Q: What is your assessment of Islamic Republic of Iran's foreign policy in “Look East” doctrine and what are the elements of this sort of foreign policy?

A: Iran’s pivot to the East is a natural effect of at least three factors: First, the revolution and its emphasis on widening the Iranian foreign policy orbit to include emerging powers in Asia. Second, and interdependent to the former, the fact that Iran is as much an Asia power as it is a “Middle Eastern” one in terms of geography and traditions. And lastly, the recurrent aggression of US governments and their inability to accommodate Iran as an independent, rather than subservient actor as it was the case under the Shah. I believe that the government of President Rouhani should do more to cultivate relations with Asian countries. I should add, that Iran has a lot in common with Latin America too, certainly in terms of political culture and there needs to be more diplomatic activity in that regard as well especially right now as we are witnessing an aggressive effort of the Trump administration to return South America to the bad old days of semi-colonial submission.

Q: What is your assessment of Islamic Republic of Iran's foreign policy in the Middle East especially in the Persian Gulf? What are the different components of this policy in regard with the region?

A: Iran has failed to pacify its relations with Saudi Arabia which is not only due to the intransigence of the Saudi leadership. I have repeatedly called for a positive cultural diplomacy in the absence of official relations. There need to be joined cultural festivals in the arts and movies for instance - as secular as possible, given that religion has been more of a dividing, rather than uniting factor among Muslims.

Q: Since the Islamic Revolution, Iran-Europe relations have dramatically changed. What are the major changes?

A: Iran acts as an independent regional superpower, whereas before it was a dependent actor.
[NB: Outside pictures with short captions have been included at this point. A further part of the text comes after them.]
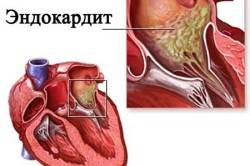 Схема эндокардита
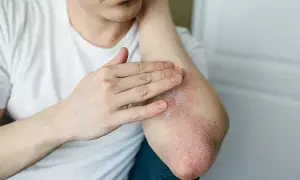 Skin Problems: వర్షాకాలంలో చర్మ సమస్యలు.. ఏం చేయాలంటే..? Skin Problems: వర్షాకాలంలో చర్మ సమస్యలు.. ఏం చేయాలంటే..?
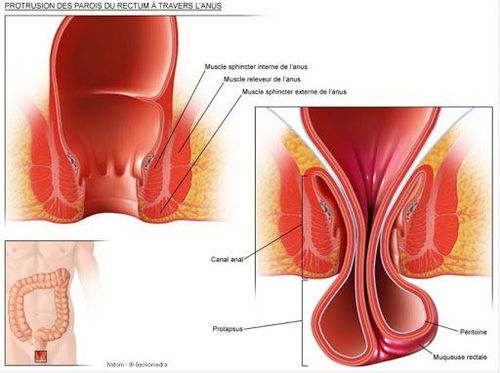 What to do if urinating does not go away with anal prolapse?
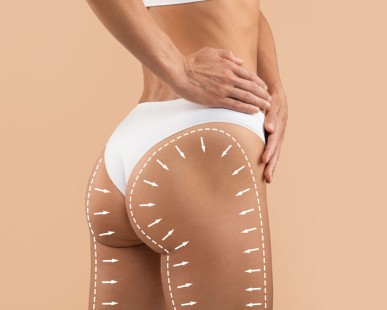 Brazilian Butt Lift: When Will You See Curves?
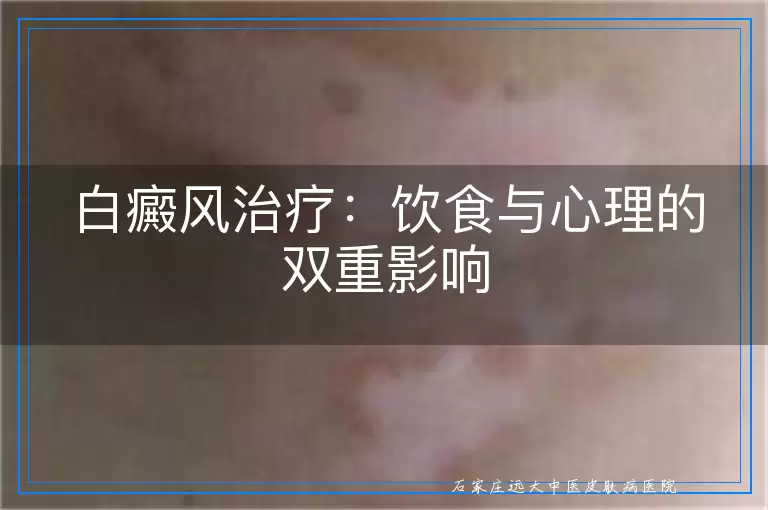 白癜风治疗：饮食与心理的双重影响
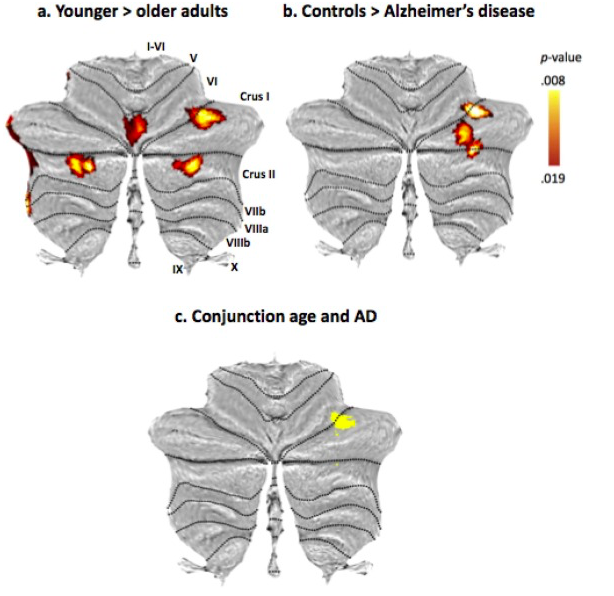 HGellersen's tweet photo. New paper out now in Neuroimage: Clinical. We show differential patterns of cerebellar grey matter loss in Alzheimer's disease and healthy aging and characterise the cognitive profile of affected regions using three functional maps of the cerebellum. https://t.co/Ic7bQPr4yv https://t.co/WC8ju7Vpum
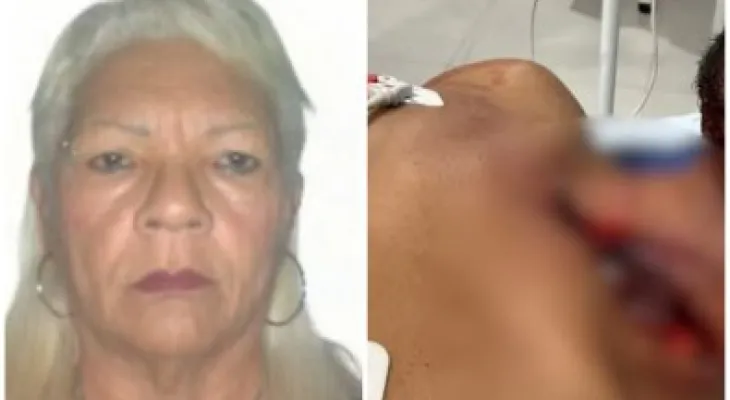 Discussão por sexo termina em ataque brutal com navalha em supermercado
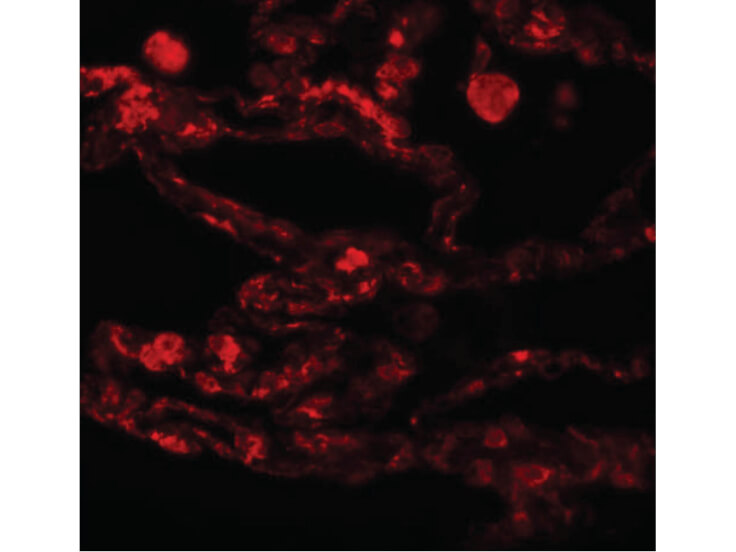 Immunofluorescence of CCDC69 Antibody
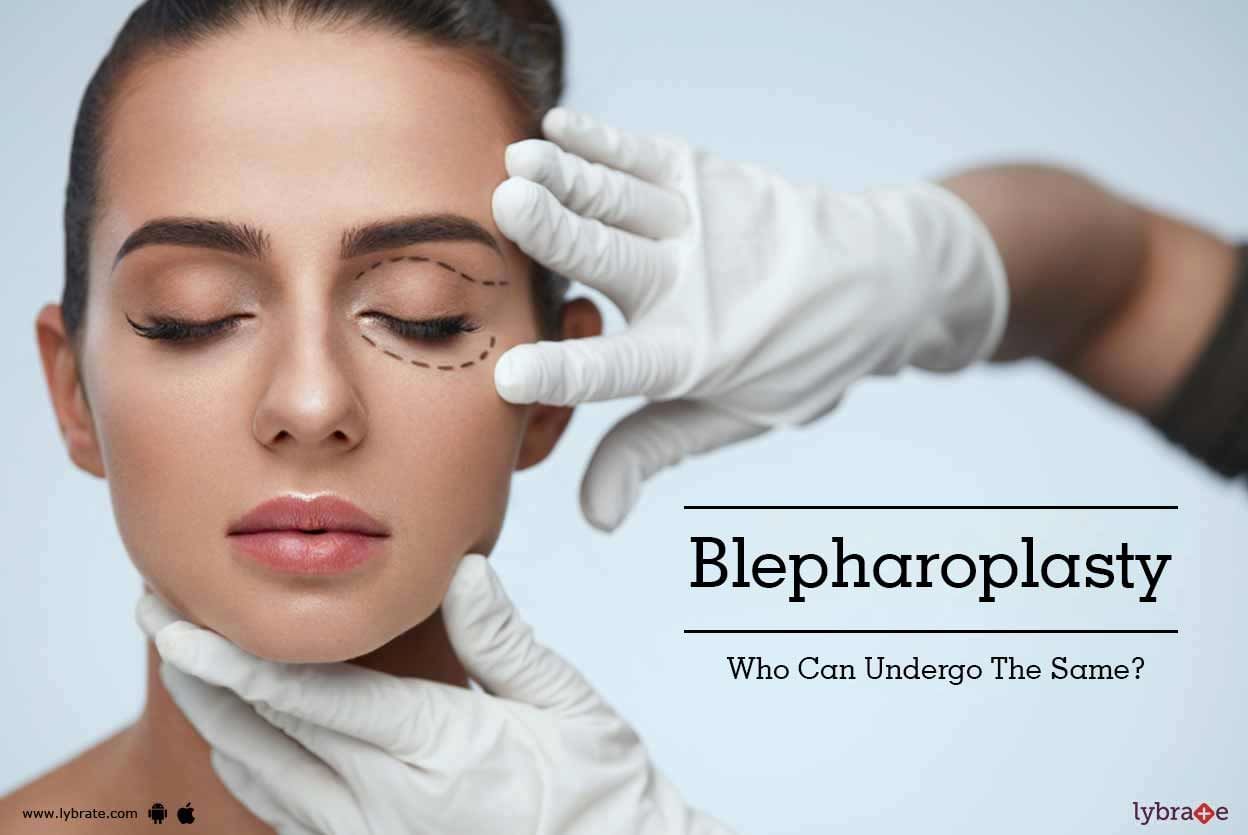 Blepharoplasty - Who Can Undergo The Same?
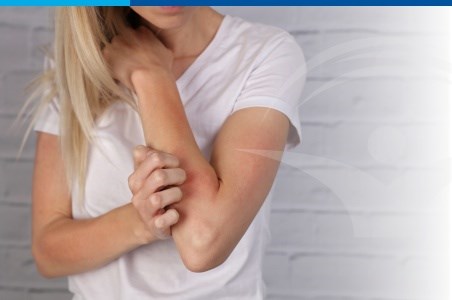 Eczema: forme clinice, cauze si tratament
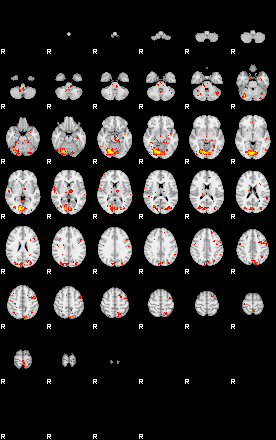 Patient:36;component:30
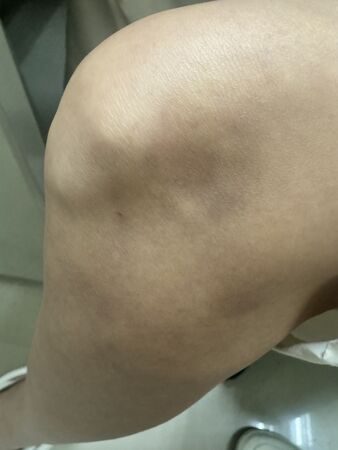 獨家 /八點檔女星遭家暴痛毆傷勢曝光！多處挫傷瘀青、耳內出血左手抬不起　忍痛單手駕車返北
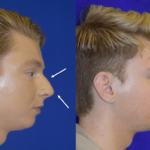 Before and after man's liquid rhinoplasty to improve nose shape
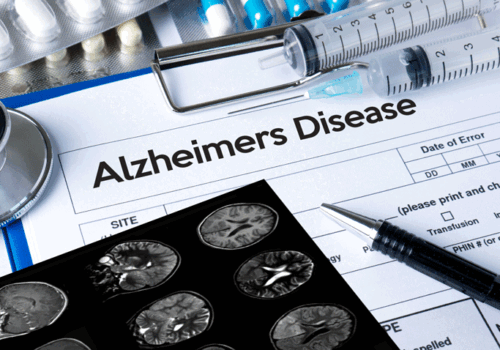Early Alzheimer's disease cognitive decline slowed by lecanemab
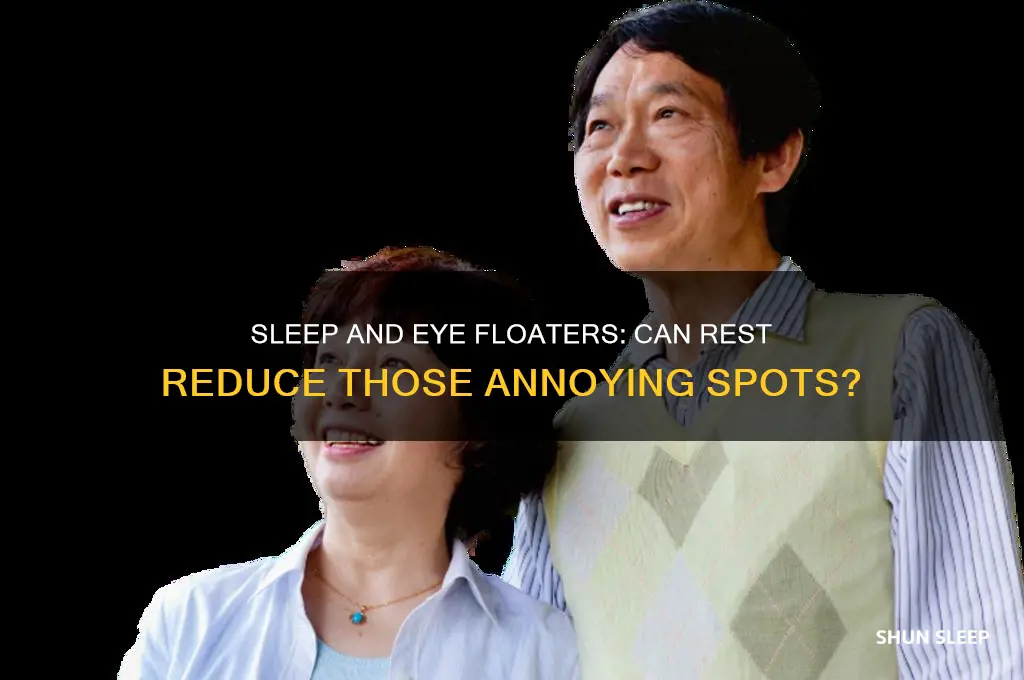 does sleep help eye floaters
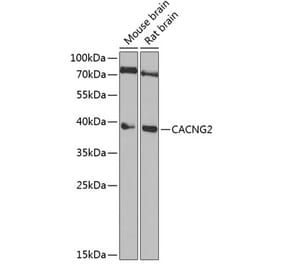 Western Blot - Anti-Stargazin Antibody (A15266) - Antibodies.com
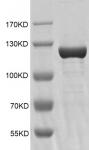 Recombinant KDM1B / LSD2 Coomassie gel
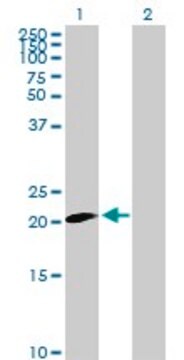 Anti-CLDN20 antibody produced in mouse purified immunoglobulin, buffered aqueous solution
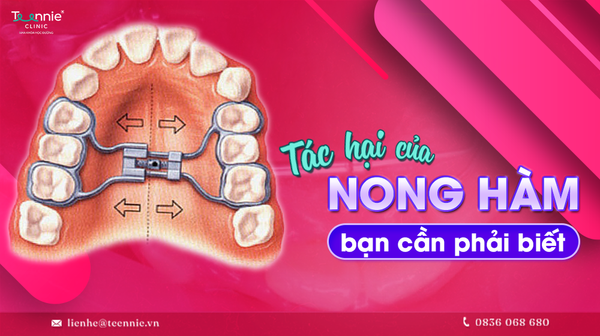 tac hai cua nong ham ma ban can phai biet 15b25de58b2949b496187121b33fff77 grande
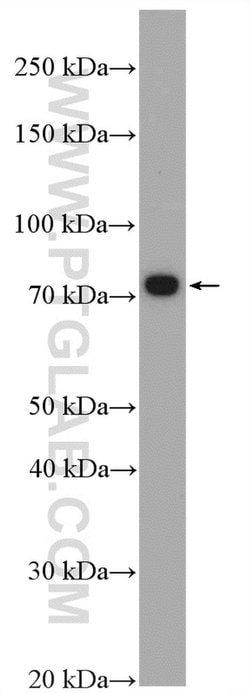 C9orf102 Rabbit anti-Human, Polyclonal, Proteintech:Antibodies:Primary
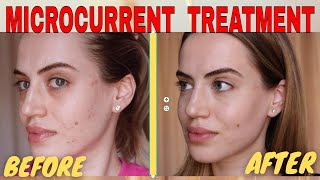 MICROCURRENT FACIAL BEFORE AND AFTER  NUOVALUCE MICROCURRENT REVIEW 2021  Madella Beauty [upl. by Dorkas]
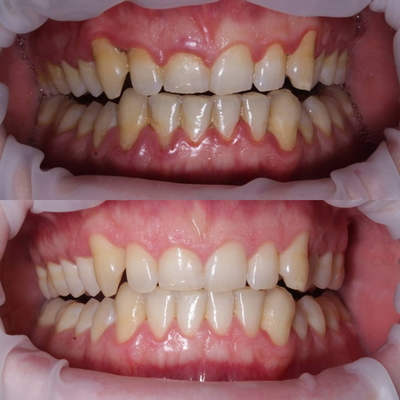 Про стоматологический лазер для зубов (быстро и чисто, но не работает) - 3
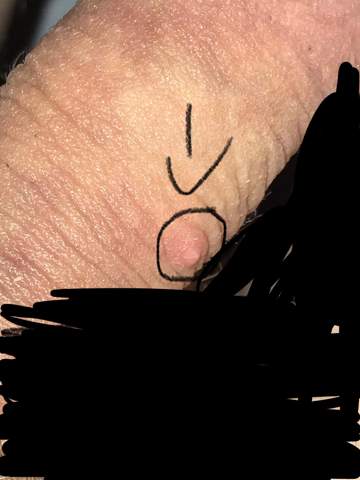 Pickel Am Penis Ist Das Eine Zyste Manner Pickel Am Penis Ist Das Eine Zyste Manner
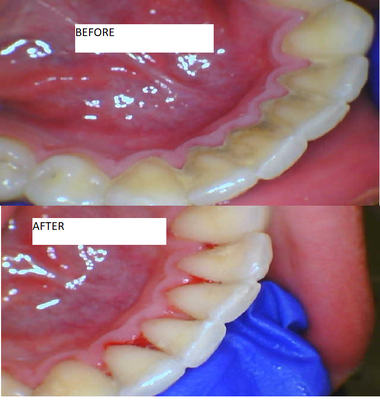 Prophylaxis Cleaning - Prophylaxis Adult - is a cleaning procedure to clean patient's teeth. This helps keep teeth / gums healthy and clean. Recommended twice per year! Prophylaxis Cleaning - Prophylaxis Adult - is a cleaning procedure to clean patient's teeth. This helps keep teeth / gums healthy and clean. Recommended twice per year!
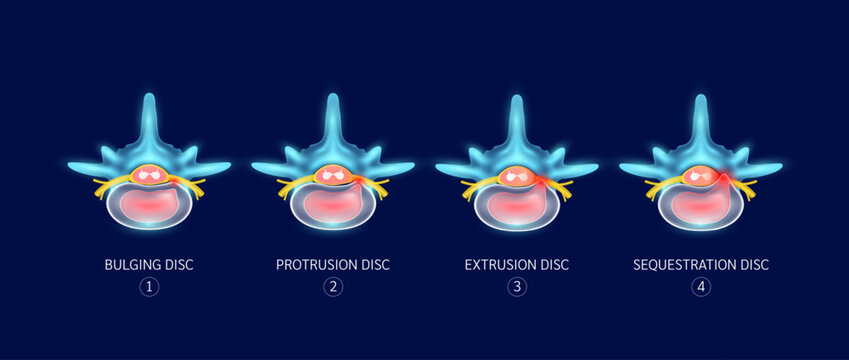 Difference between stages of herniated disc. Bulge, Protrusion, Extrusion and Sequestration. Spinal bone problems that make back and neck pain. Medical concept. Vector illustration.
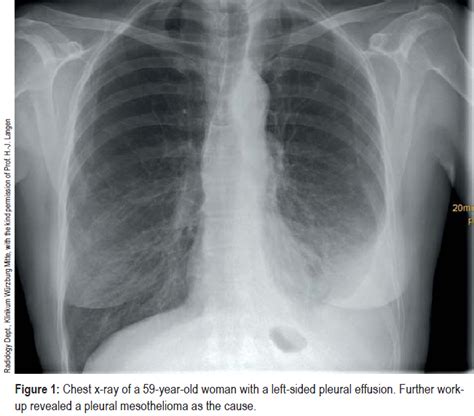 Pleural Effusion In Adults—etiology Diagnosis And Treatment 24052019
What is absolutely crucial is that Iran uses its foreign embassies more effectively in support of a cultural diplomacy that highlights the crucial interdependence that Iran and Europe share since antiquity. 

Iran is also a European country in the sense that it has been a part of the European imagination at least since the Greco-Persian wars, repeatedly as the “Other”, but also as the epitome of culture and sophistication as in the poetry of Goethe in his East-Western Diwan. Iranians have lost this reputation due to some of the reckless policies of the state after the revolution and up until today.

 There is no doubt that mistakes were made, inhuman ones that did not sit well with the ideals of the revolution. To repair this image of Iran, which the enemies of the country have been easily exploiting, requires a sophisticated PR campaign based on the realities and truths of contemporary Persia rather than the propaganda by the anti-Iranian lobby. This is probably the most important pre-requisite for a successful global diplomacy for the Iranian state.

Q: Iran had first a critical dialogue with the European Union. It then changed it for a constructive dialogue. Now the question is that how much this relationship is affected by the U.S.?

A: Apart from the Obama administration, all of the US governments acted as spoilers of closer Iranian-European relations. These US governments act vis-à-vis Iran in a distinctly irrational and hypocritical way. There is no doubt about that. But they are only able to do so because of some of the weaknesses in Iran’s global strategies as indicated above. There is simply not enough activity by the Iranian diplomatic missions abroad, especially when I compare it to the period of President Khatami when the embassies were by far more active.

Q: Some experts believe that balancing Iran's foreign policy between east and west will provide Iran's national interests. What is your opinion on this matter?

A: I had talked about this issue with Iranians before. The revolutionary slogan “neither East nor West” which was necessary to proclaim Iranian independence at that time, has to be changed more systematically into a policy of “both East and West”. As a part of this strategy, the Rouhani administration is well advised to zoom closer into Asia and Latin America. Mind you, the latter IS in the so called “West”, so Latin America is as crucial to Iranian interests as Asia is.